Given information
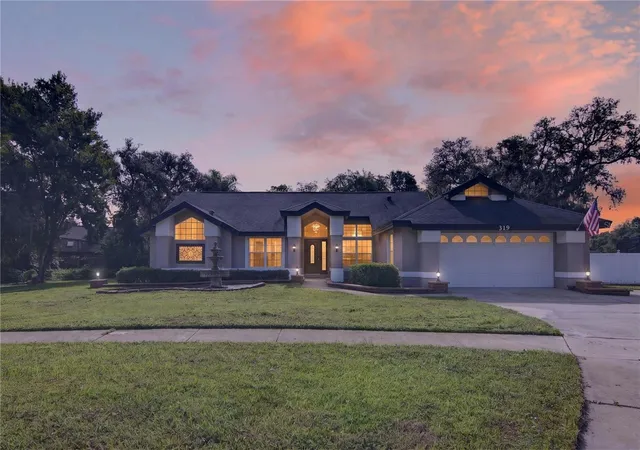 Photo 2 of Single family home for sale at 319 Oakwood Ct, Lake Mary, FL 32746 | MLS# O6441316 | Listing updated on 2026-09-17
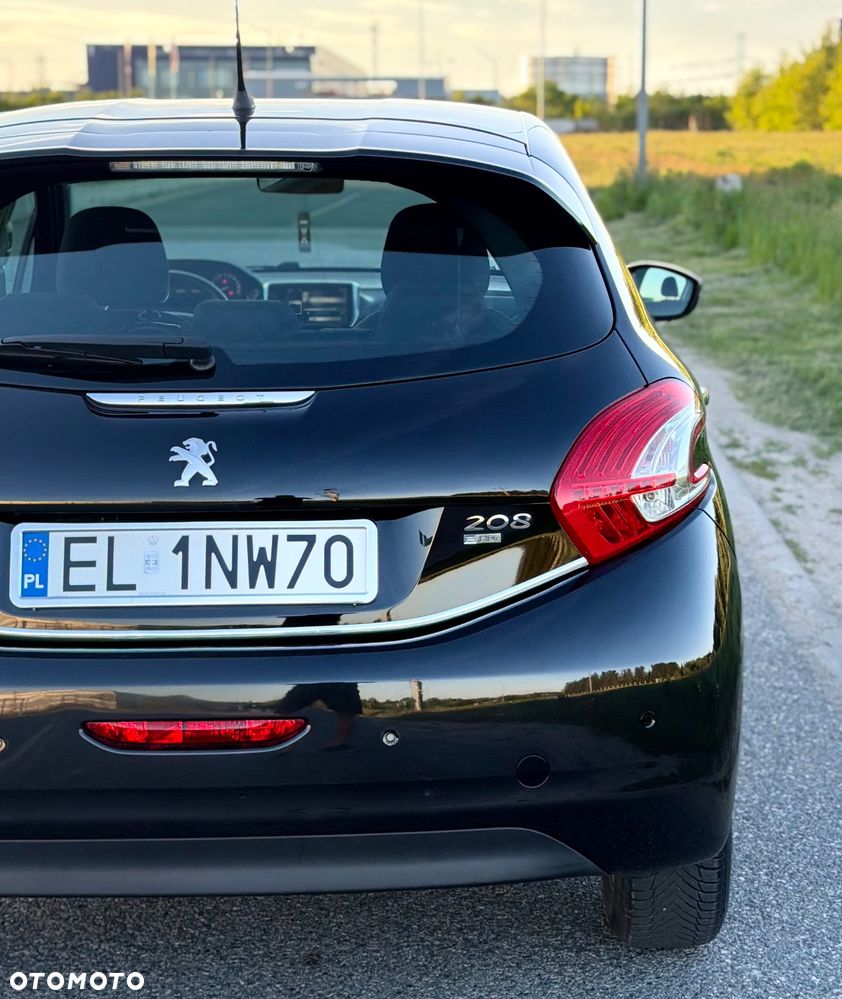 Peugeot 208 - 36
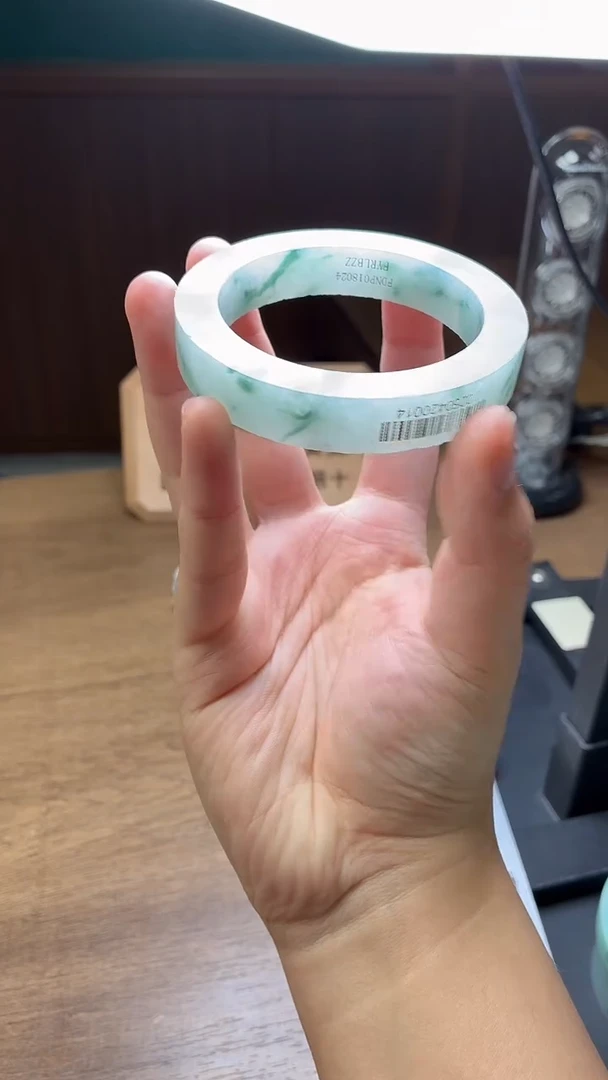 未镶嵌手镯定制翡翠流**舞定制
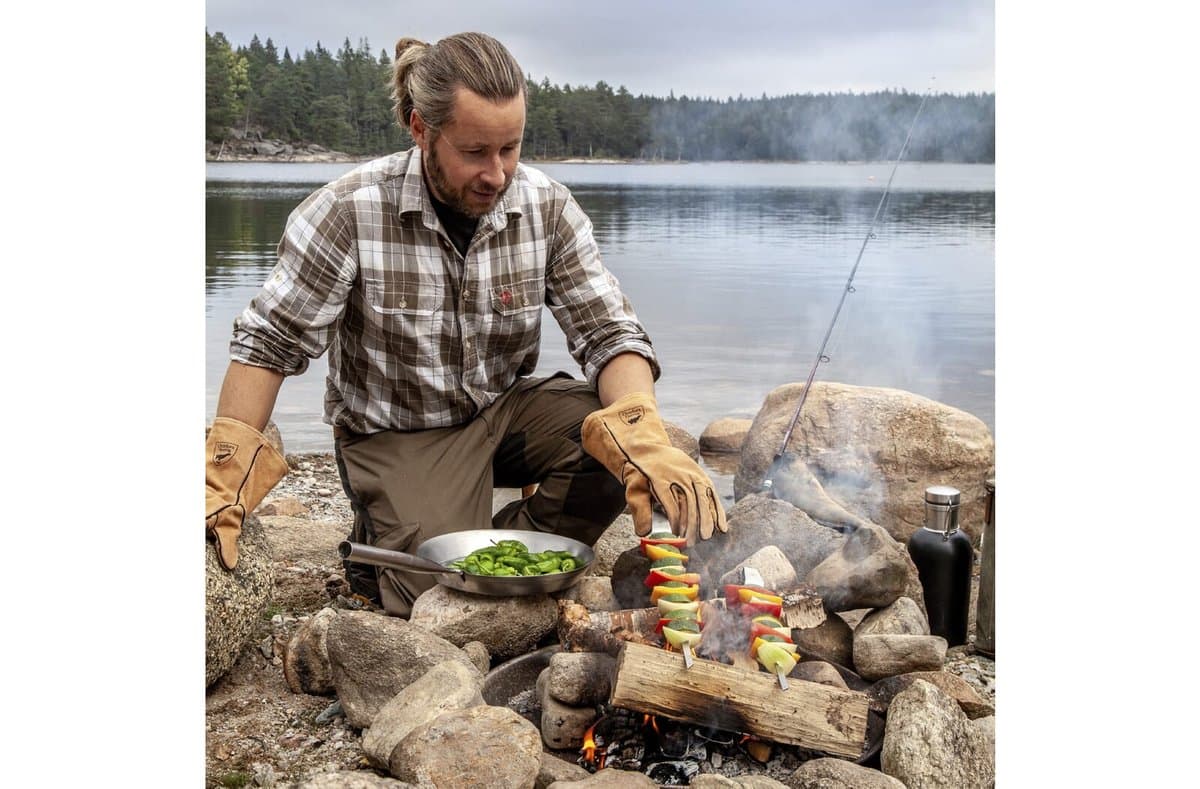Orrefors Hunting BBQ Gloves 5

What this task involves
What you return should be the whole listing, word for word, without its pictures.

Your response
 Photo 2 of Single family home for sale at 319 Oakwood Ct, Lake Mary, FL 32746 | MLS# O6441316 | Listing updated on 2026-09-17
 Peugeot 208 - 36
 未镶嵌手镯定制翡翠流**舞定制
Orrefors Hunting BBQ Gloves 5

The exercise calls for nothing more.